Scovai una scena del passato, una lotta feroce tra
tirannosauri, e scappai. Prima della fuga, posso testimoniare
di aver visto i denti aguzzi dei due animali e il loro
atteggiamento che da sfida si trasformava in attacco vero e
proprio. Con i loro corpi mastodontici e muscolosi si
scontravano, distruggendo tutto ciò che travolgevano. Avevano
abbattuto alberi e distrutto le mie amate felci, in una lotta
tipica del periodo riproduttivo.
Correndo, caddi su delle pietre che ruzzolavano le une
sulle altre. Il rumore attirò i sensibilissimi bestioni, che
si voltarono e iniziarono la caccia.
Sentivano ogni odore e percepivano la paura, come molte
fiere selvagge.
Scappai disperata, il respiro che si faceva pesante. La
milza pungeva, affaticata, ma non potevo permettermi di
fermarmi: doveva esserci una via di uscita. E alcune volte
essa è più spaventosa delle cose da cui stiamo scappando. La
via di uscita era un oscuro vicolo che si prolungava in un
cunicolo crepato e buio inserito in una cavità.

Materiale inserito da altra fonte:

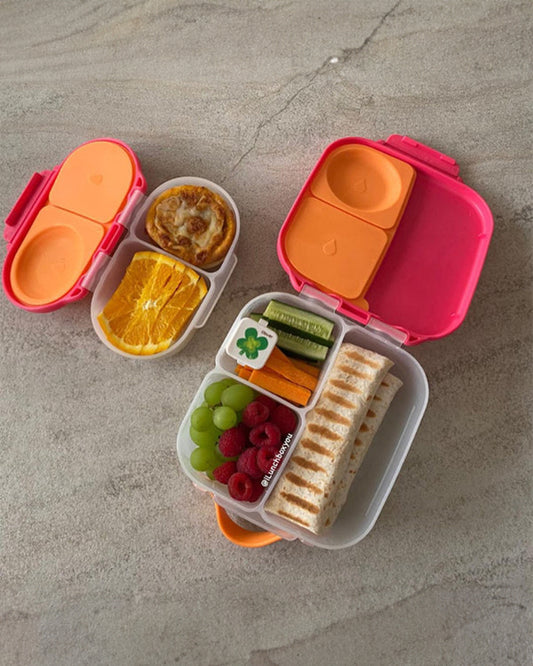 b.box Snack Box-With Leak Proof Silicone Seal-Flexi Whole Fruit Holder-Easy Open Clip-Strawberry Shake-For Feeding Infants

Dovevo affrontare la claustrofobia.
Con un ultimo colpo di reni mi ci infilai. Fuori, le
gigantesche belve ruggivano livide di rabbia, poiché non
vedevano più la loro preda.
Strisciai per un sacco di tempo, l’aria stantia,
puzzolente e odiosa da respirare. Temevo ragni e topi… avevo
sempre odiato i ragni e i topi. Specialmente questi ultimi mi
terrorizzavano: da piccola ero andata nel pollaio e avevo
visto un enorme topo intento a rubare le uova a una gallina.
Ma ero piccola, ora invece ero una donna ed era tempo di
lottare per la vita.
Lottare per sopravvivere o scappare se l’avversario era
più grosso: questo era il meccanismo alla base della
sopravvivenza umana. Lo era sempre stato, e io continuavo a
usarlo, per me stessa, per la sopravvivenza della specie
umana, per l’umanità tutta.
L’umanità non era stata così al centro dei miei pensieri.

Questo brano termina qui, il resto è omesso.